Julius Paulsen est né le 22 octobre 1860 à Odense en Fionie où ses parents sont épiciers. Après avoir été apprenti à Odense, il intègre l’école des Beaux-Arts de Copenhague en 1879. Sa formation achevée, il part en 1885 vers Paris avec le peintre Viggo Johansen (1851 -  1935) traversant les Pays-Bas et la Belgique. Il y découvre l’école flamande et Rembrandt qui inspireront ses portraits. L’artiste voyage en Europe parcourant l’Allemagne en 1886 puis l’Italie en 1888 et expose de façon permanente.
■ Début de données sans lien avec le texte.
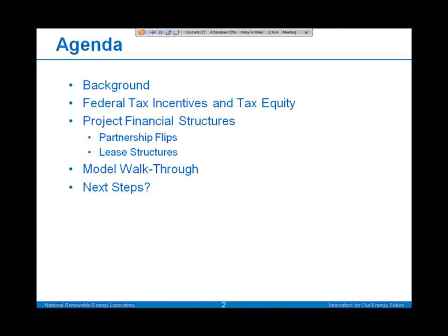Today we're going to give a little background on the project which added the financial structures to the SAM model, explain a bit about federal tax incentives and tax equity, go over the financial structures generically — how they work in the markets and how they're applied to SAM — and explain that through a model walkthrough and discuss next steps as we look forward in improving the SAM model.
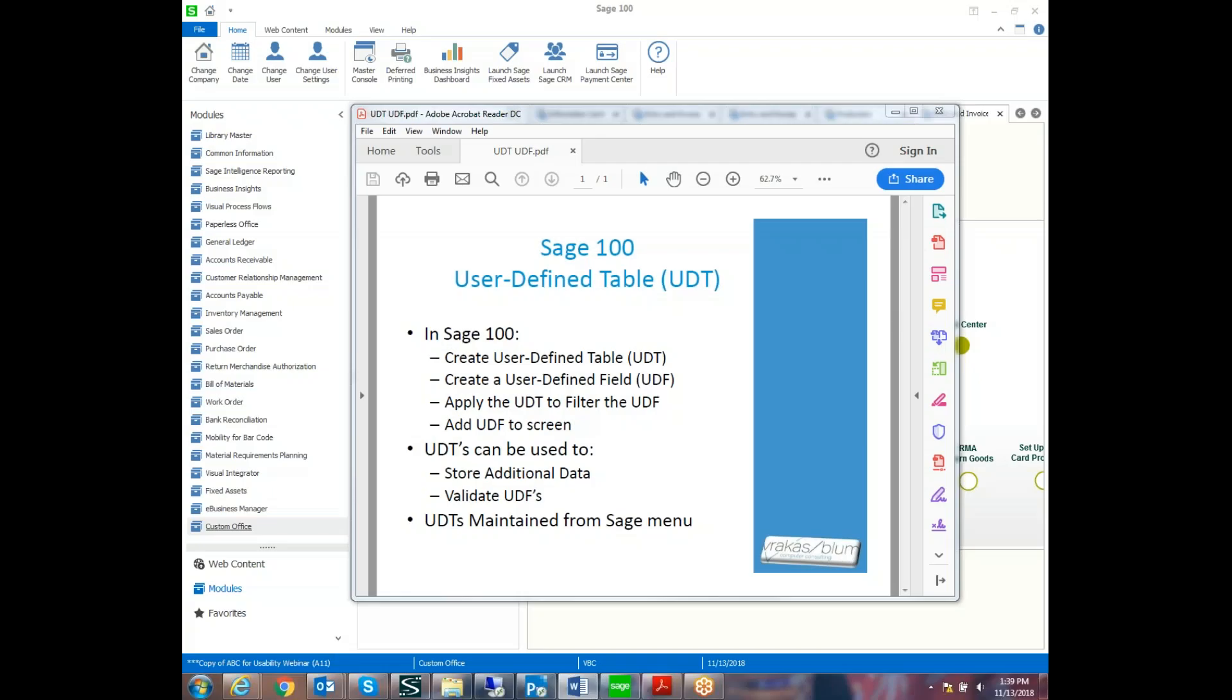In SAGE 100, user-defined tables can be used to filter user-defined fields. Today we're going to walk through the steps to create a user-defined table in SAGE 100, create a user-defined field, or UDF, and apply the table to filter the UDF.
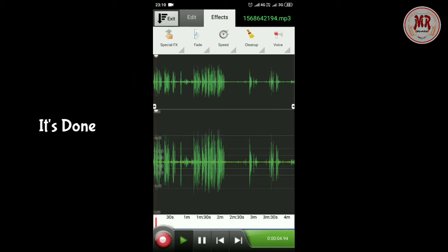This is the 3rd circuit of oscillator, which is the RC phase shift oscillator. Again, I am using Multisim, which is provided by National Instruments.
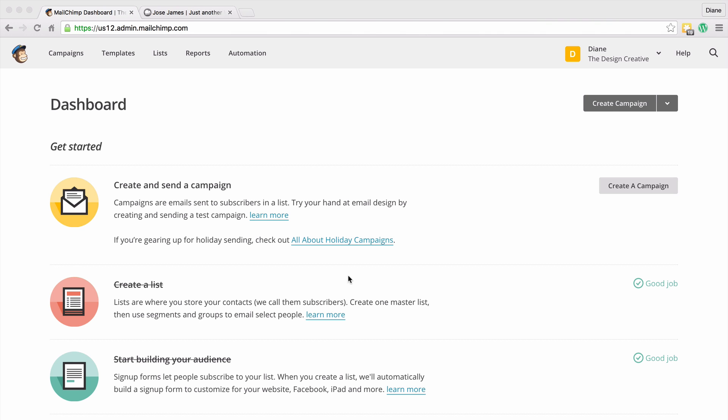So I can have a group called dormant clients, a group called current clients, and a group called potential clients. And I can send out a mailing list to different groups whenever I need to. So I've got a list called clients, but I only want to send out this particular newsletter to my current clients — I can easily do that by creating groups.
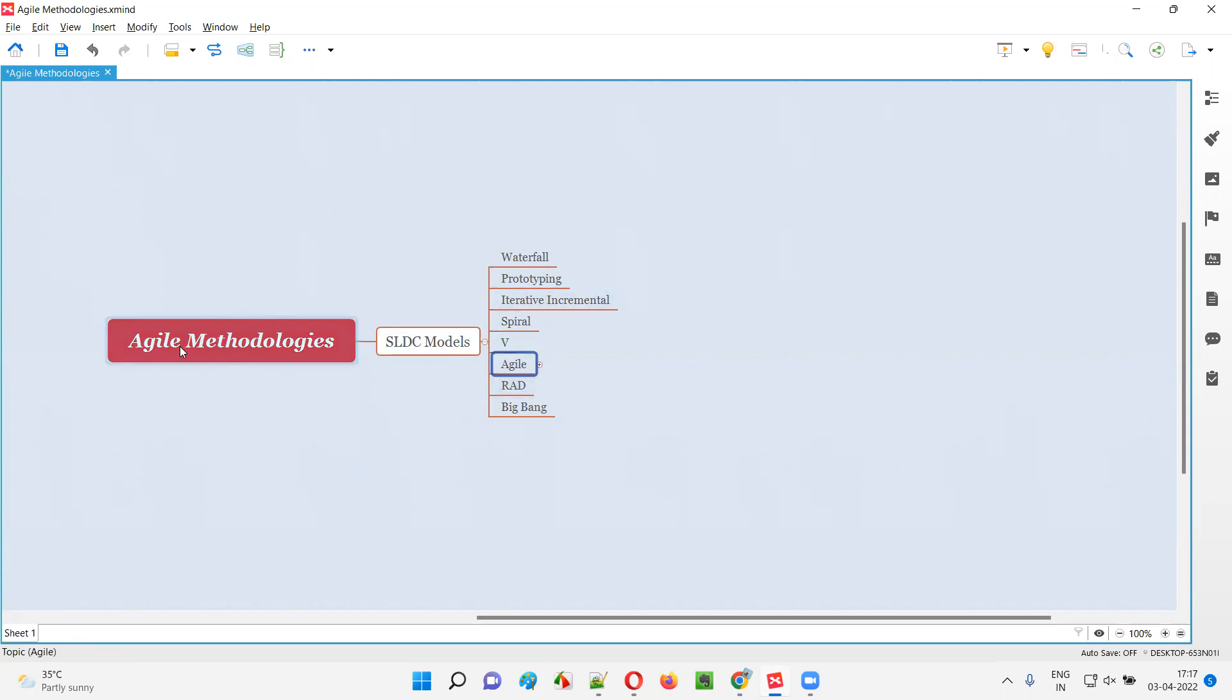So all these agile methodologies belong to this agile SDLC model. Under this agile SDLC model, we have different agile methodologies. We can also call them as frameworks, agile frameworks. So what are the different agile methodologies or frameworks under this agile SDLC model?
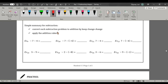Now let's go over subtraction. We convert each subtraction problem to addition by keep, change, change, then apply the addition rules. We have negative 7 minus 4. Every time I have a subtraction operation, I keep the first number, change the operation to addition, and change the second number to its opposite. This was positive 4; it becomes negative 4. Applying the addition rules, the signs are the same, so we add them and apply the sign. For the next one, keep, change, change — I changed the operation and the sign of the second number. Now we have different signs, so we subtract; there are more negatives than positives, so our answer is negative 3.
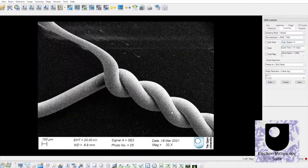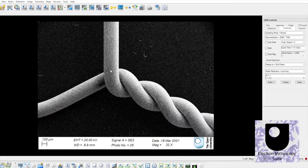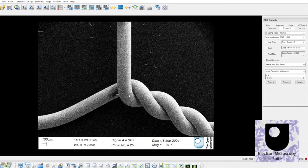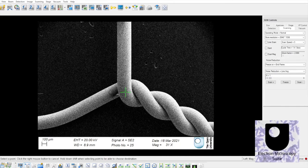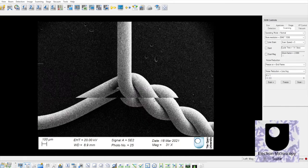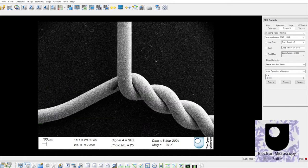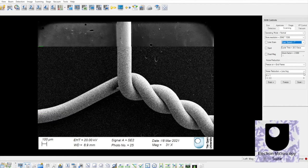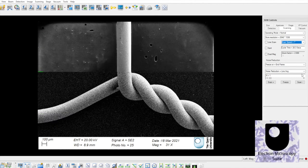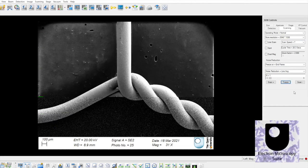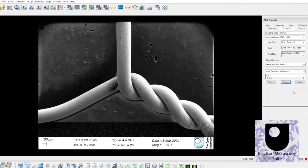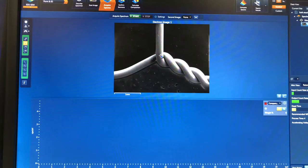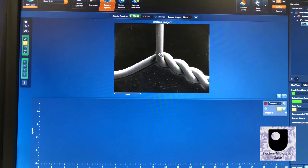High-speed, low-resolution images are displayed while navigating to a region of interest. After choosing a suitable magnification and focusing on the surface, high-resolution images are captured.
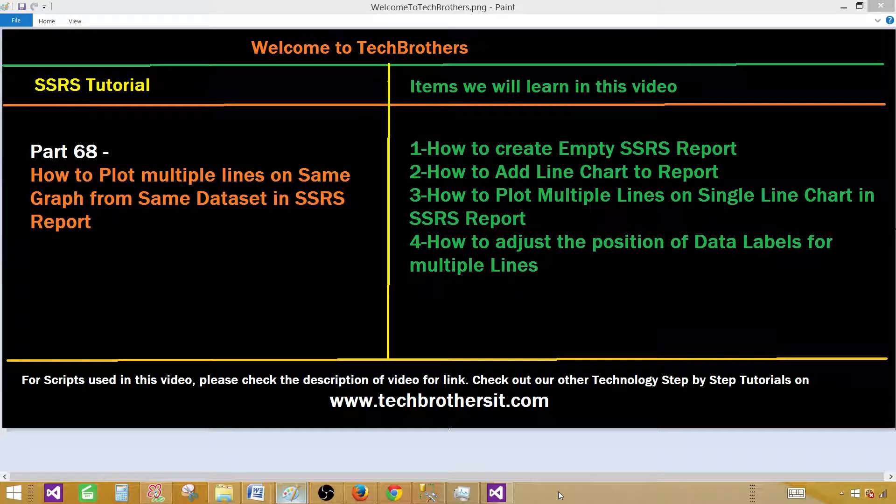Welcome to Tech Brothers with Damir. Today we are going to learn how to plot multiple lines on the same graph from the same data set in SSRS report.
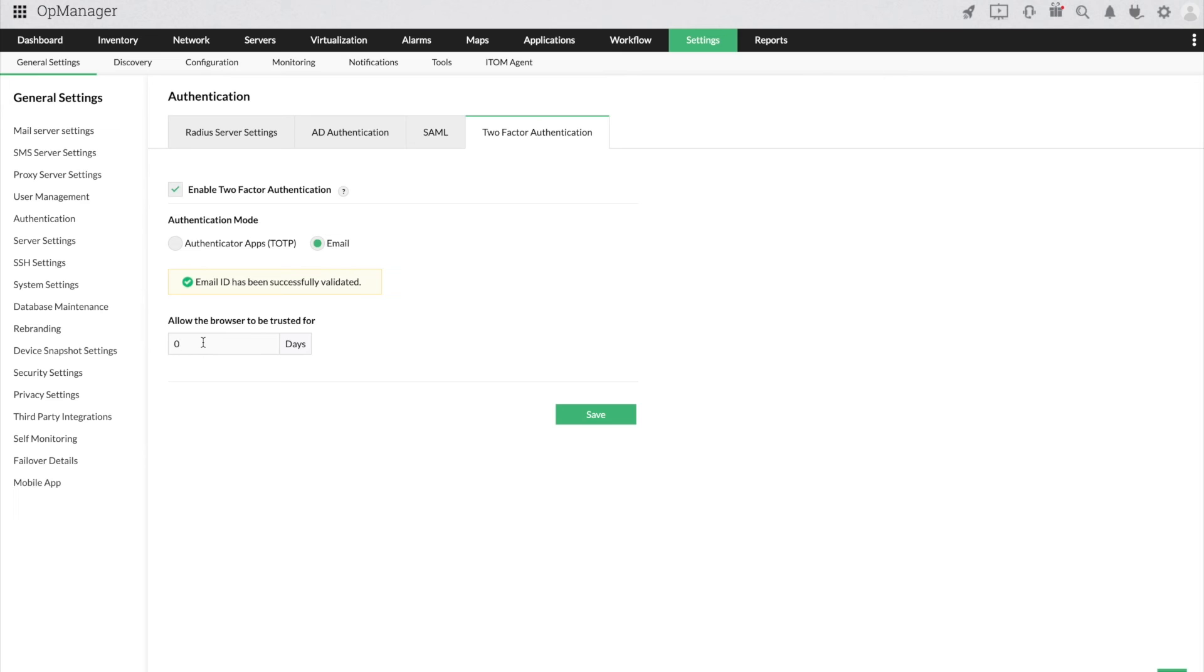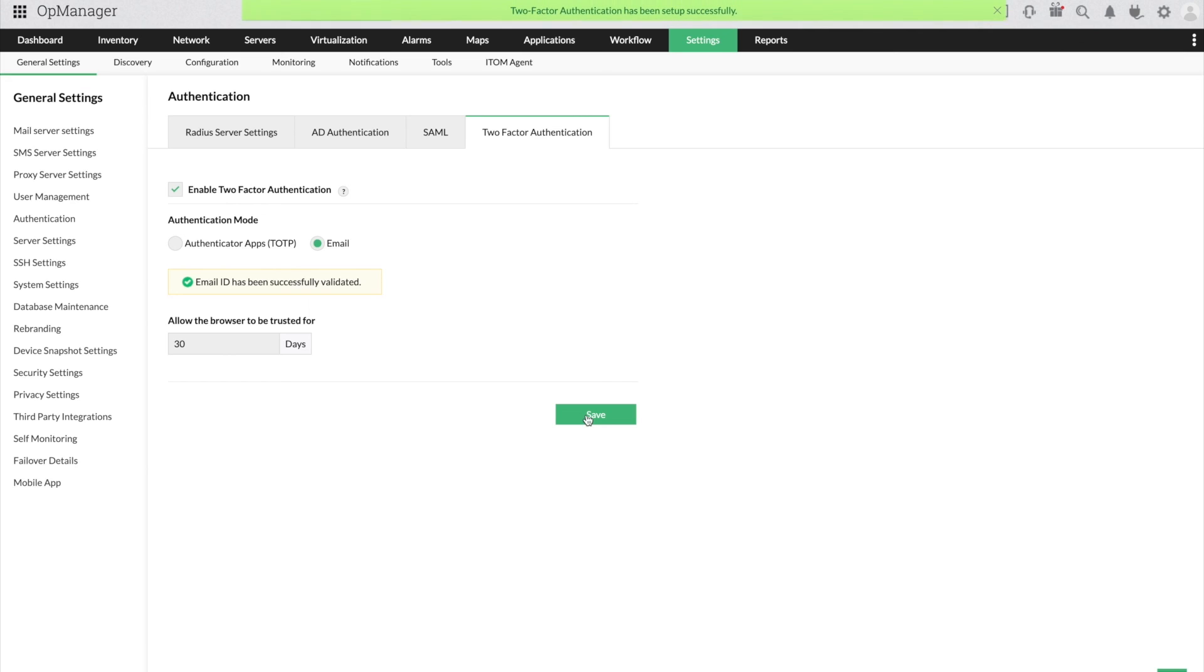You also have the option to enter the number of days you should trust the browser for. You can login to the browser without using the OTP for those specified number of days. Click Save and your two-factor authentication is now set up and ready to use.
Le critique Julien Leclercq dans la Chronique des Arts remarque l’artiste danois lors de l’Exposition de 1897 à Stockholm: « Il y a de la simplicité, de l’atmosphère, une couleur nourrie dans les portraits, intérieurs et paysages de M. Julius Paulsen. »  Vers 1900, Julius Paulsen se rend à Skagen retrouver Laurits Tuxen (1853 - 1927) et Peder Severin Krøyer qui le portraiture en 1885 et 1907. Reconnu, le peintre devient en 1908 professeur à l’Académie Royale des Beaux-Arts de Copenhague. Membre du mouvement Den Fri, il y présente au mois d’octobre de l’année suivante une vaste rétrospective de 240 œuvres. Léonie Bernardini-Sjoestedt écrit avec justesse dans L’Art et les Artistes en 1912 : « Julius Paulsen  peint de mystérieux paysages argentés et des femmes nues, avec un sens amoureux du rythme et de la forme humaine. » Il y a effectivement dans la peinture du maître une simplicité mystérieuse. Sans doute le mariage réussi d’un artiste amoureux de la vie et amoureux de son art.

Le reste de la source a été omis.